New Orleans voters may be asked to approve a new multimillion-dollar general obligation bond issue in the next year, as the major sources of funding for the city’s infrastructure projects are depleted, Deputy Mayor for Infrastructure Cedric Grant told the City Council this week.

“We are at a crossroads in the capital program,” Grant told the council Wednesday while presenting the city’s 2015 capital budget and five-year capital spending plan. “We are about to sell the last tranche of the bonds that were authorized by the voters in 2004.”

A decade ago, voters gave the city permission to issue $260 million in bonds to pay for construction and improvement of streets and public buildings. The city expects to sell the last $65 million of those bonds in early 2015, senior city planner Dale Thayer told the council.

On top of that, the city will be receiving less money from the Federal Emergency Management Agency as it crosses more and more Hurricane Katrina-related projects off its to-do list.

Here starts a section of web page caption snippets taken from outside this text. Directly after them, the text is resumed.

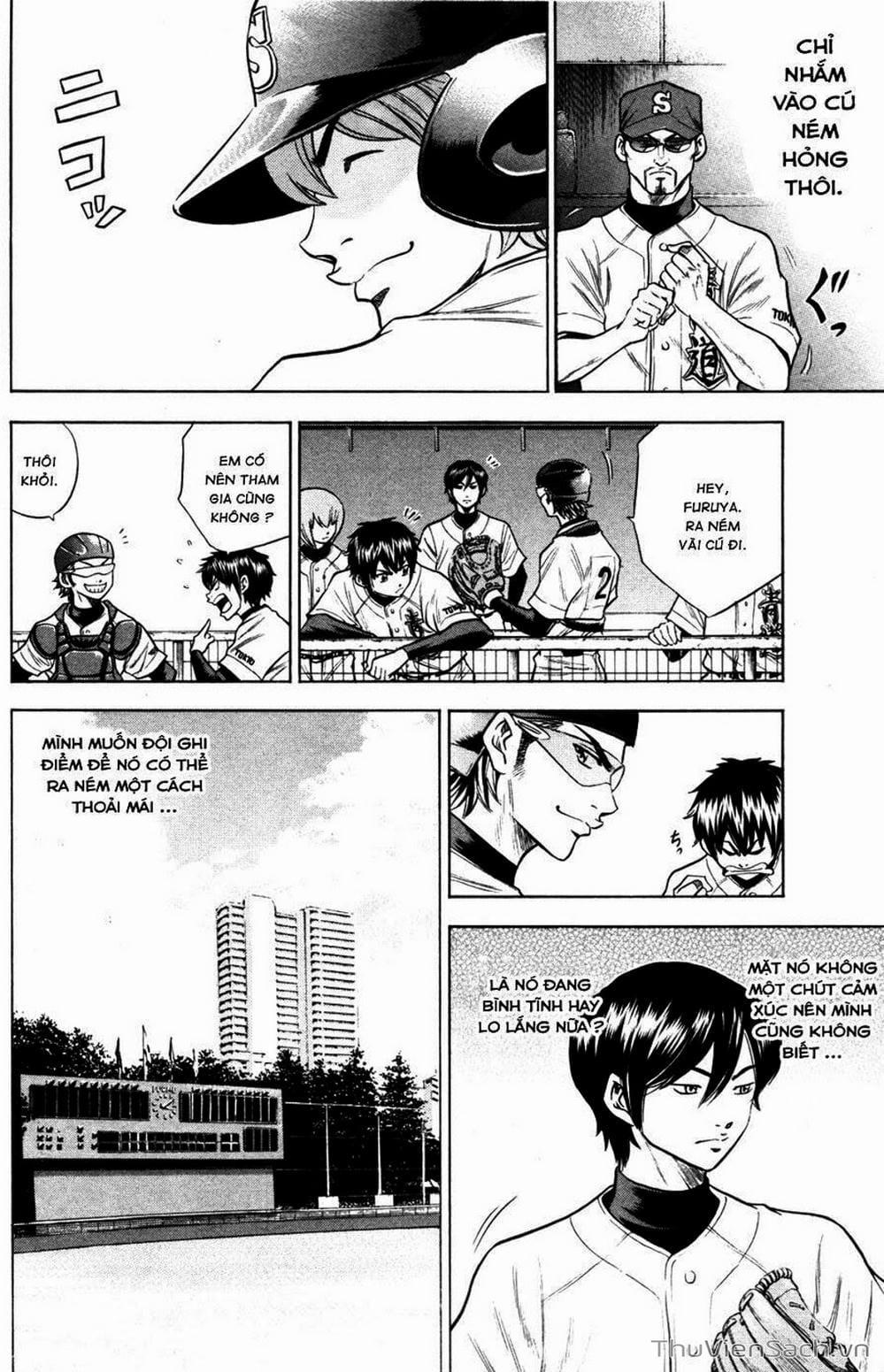 Truyện Tranh Đội Bóng Chày Siêu Đẳng - Ace Of Diamond trang 5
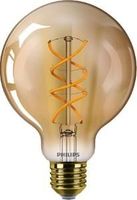 Philips LED filament Globe 5-25W E27 G93 Gold Vintage - LED3822 - thumbnail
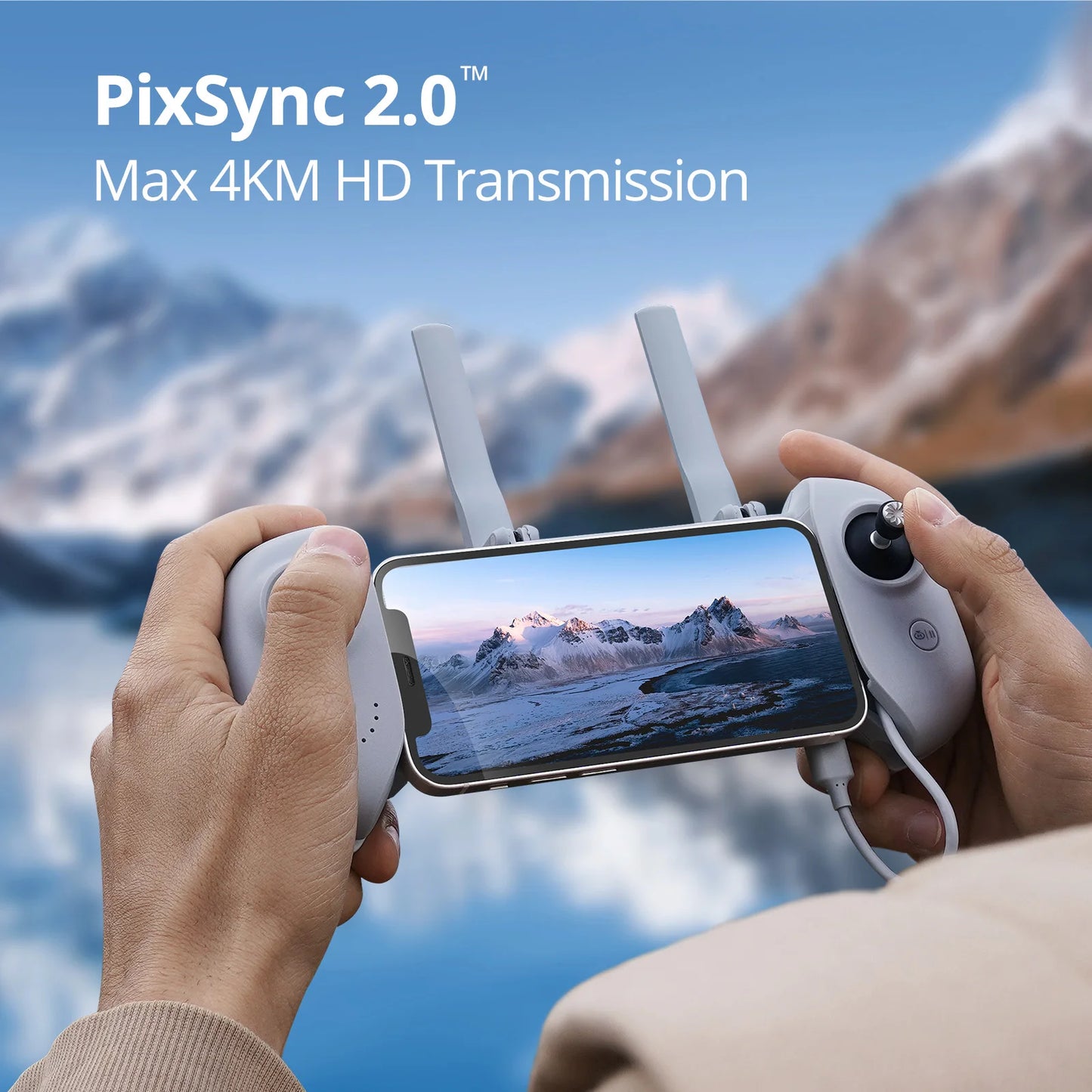 ATOM SE Single Axis Gimbal 4K GPS Drones Under 249g Max 4-KM for Adults and Beginners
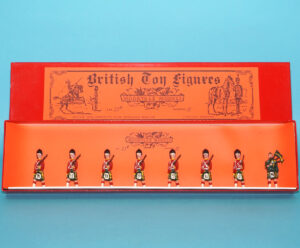 MOORVALE MODELS #23B GORDON HIGHLANDERS BOX SET MIB 1980s LEAD HOLLOWCAST TIMPO BRITAINS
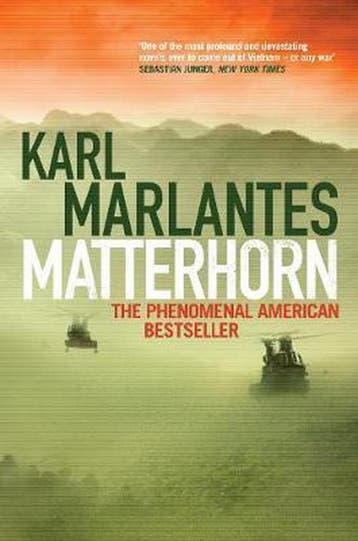 Matterhorn - Karl (Author) Marlantes 9781848874947, Verzenden, Zo goed als nieuw, Karl (Author) Marlantes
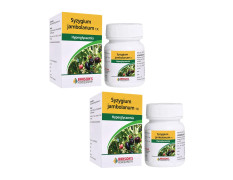 Dr. Bakshi's BAKSON'S HOMOEOPATHY SYZYGIUM JAMBOLANUM-1X-50TAB (Pack of 2)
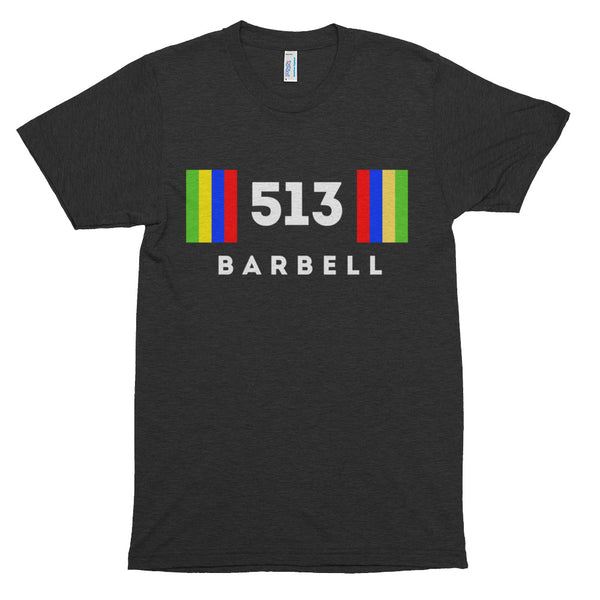 513 Barbell Club T-Shirt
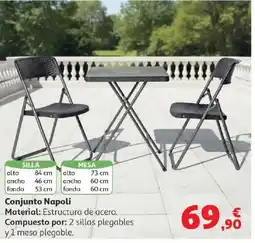 Alcampo Conjunto Napoli oferta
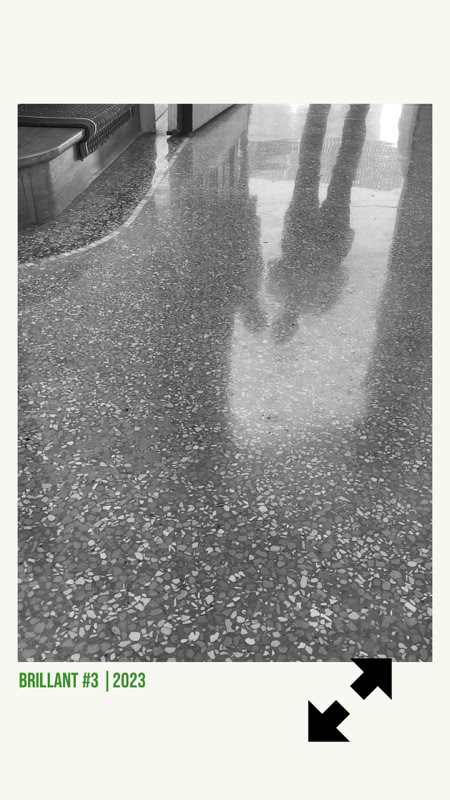 Granito Terrazzo poncage cristallisation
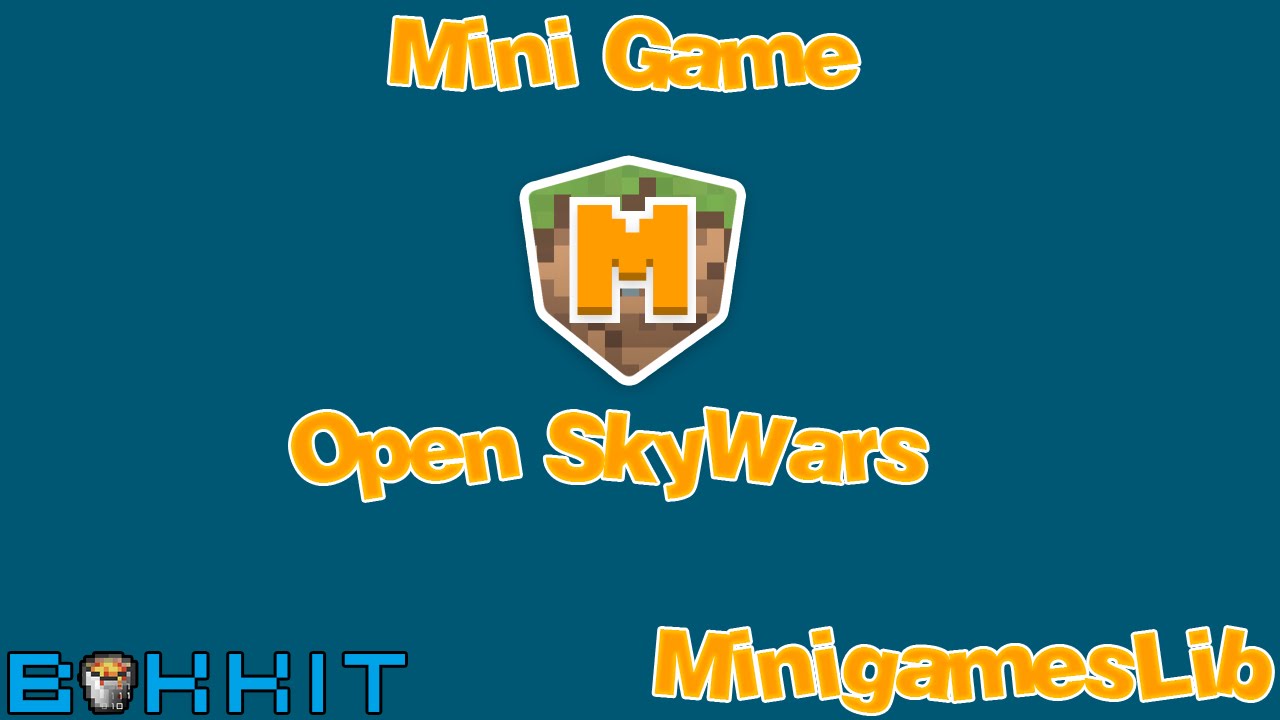 Descarga E Instala Plugin Open SkyWars [ SkyWars ] Bukkit - YouTube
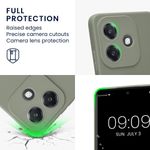 Laptop, Telefoane si Tablete - Telefoane mobile si accesorii - Accesorii Telefoane - Huse telefoane - Husa Kwmobile pentru OPPO A40 4G/A40M 4G, anti-alunecare, silicon, verde - Infinity.ro
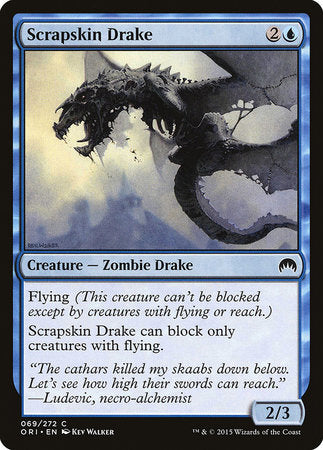 Scrapskin Drake [Magic Origins] | Exor Games Truro
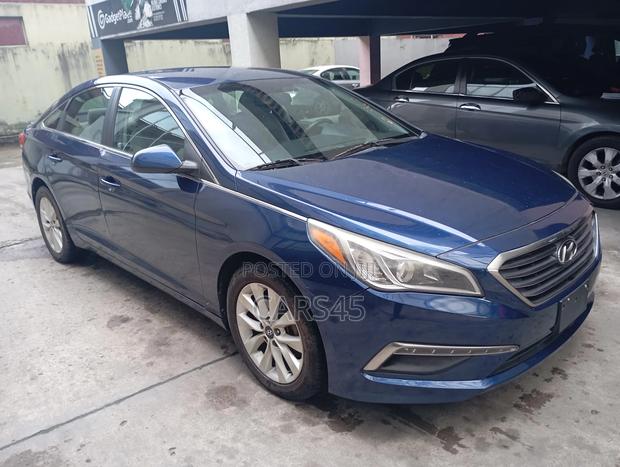 Hyundai Sonata 2015 Blue
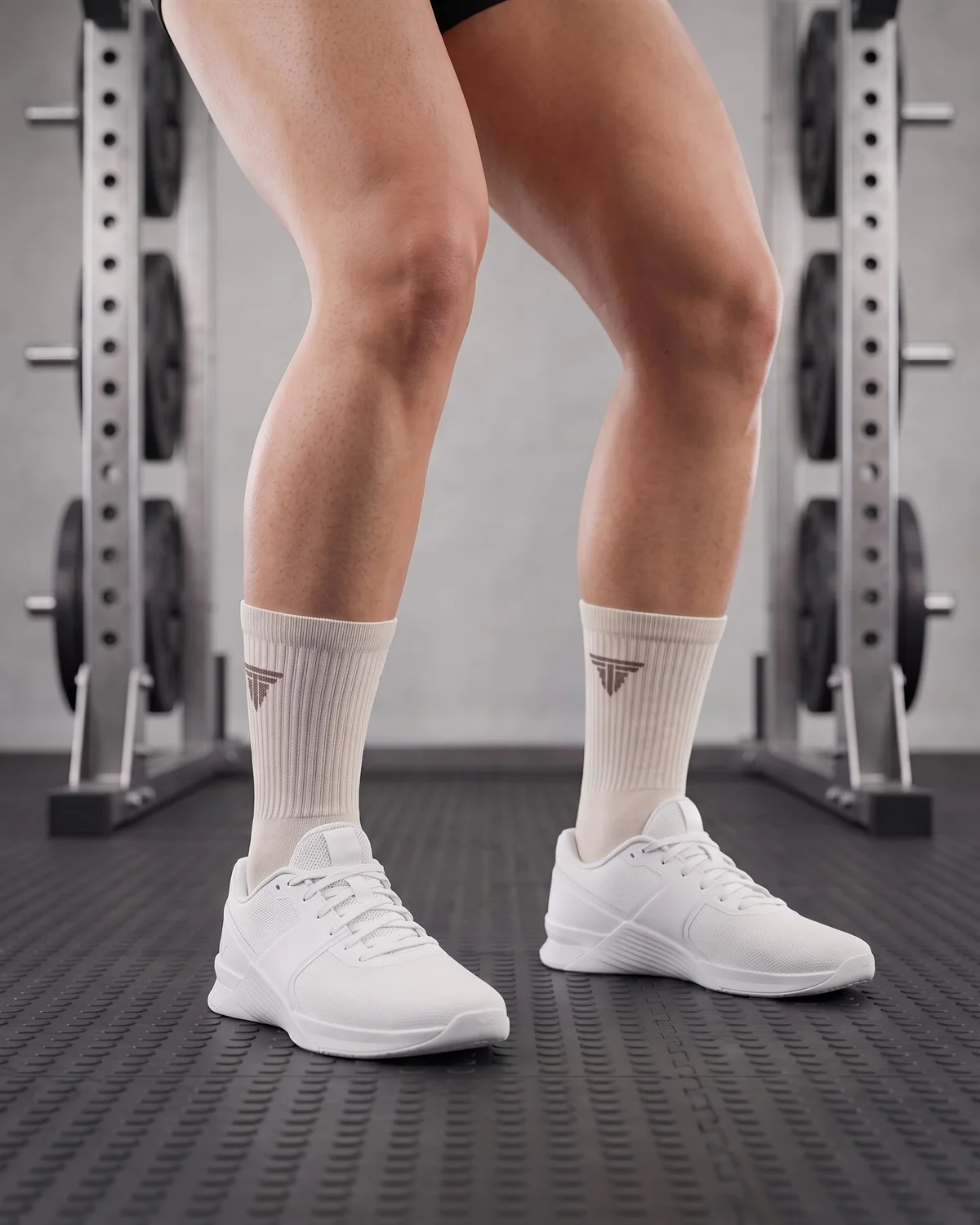 Calcetines Mujer Deportivos Largos Athena Crew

Grant said New Orleans needs to have “at least another several hundred million” dollars available on an “ongoing basis” to invest in capital projects. As it is, the city on its own will generate only about $250,000 annually, through donations and the sale of property, in the next five years to use for that purpose.

According to the five-year Capital Improvement Plan, $883 million will be available to spend on capital projects from 2015 to 2019. Sources of funding include FEMA, other federal and state grants, and airport revenue bonds.

The bulk of the funds, $609.5 million, is dedicated to building the new terminal at Louis Armstrong International Airport. The rest will be used to repair streets and make improvements to city-owned buildings such as City Hall, the French Market and fire stations.

The plan includes no money for parks and other recreational facilities or for libraries and museums.

It also does not include any money from new general obligation bonds.

“We will be entering into a very robust process here in the coming year to figure out what’s the next program,” Grant said. “Truth of the matter is, we will not see major addition of federal dollars infused in the capital budget in coming years.”

The most viable way to make up the gap in funding is through the issuance of general obligation bonds, he said.